- Information shown:
+++
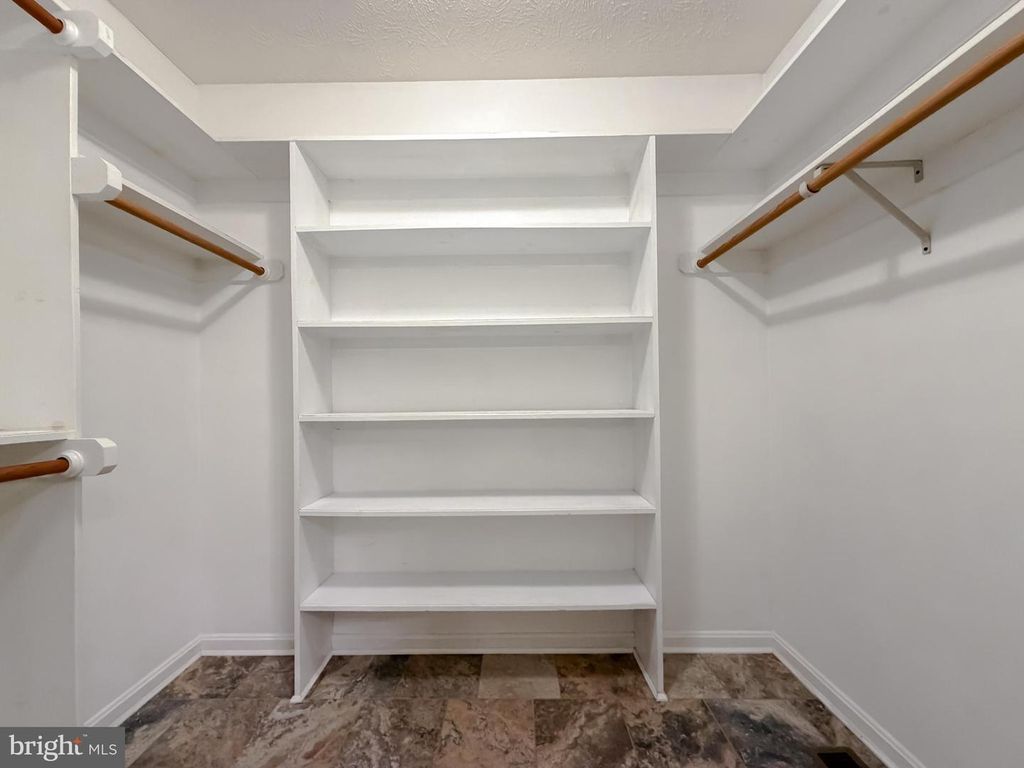 Image 38 of property listing at 43902 YELLOW WOOD WAY, California, MD 20619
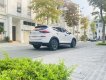 Hyundai Tucson 2020 - Bản full cực mới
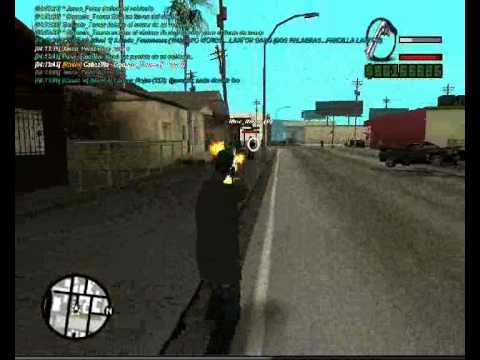 asr las re mugrientas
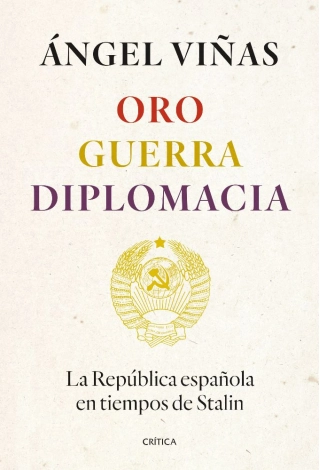 traducir('Imagen del producto ');9788491994862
+++
Each line above gets copied exactly; leave the pictures out.

 Image 38 of property listing at 43902 YELLOW WOOD WAY, California, MD 20619
 Hyundai Tucson 2020 - Bản full cực mới
 asr las re mugrientas
 traducir('Imagen del producto ');9788491994862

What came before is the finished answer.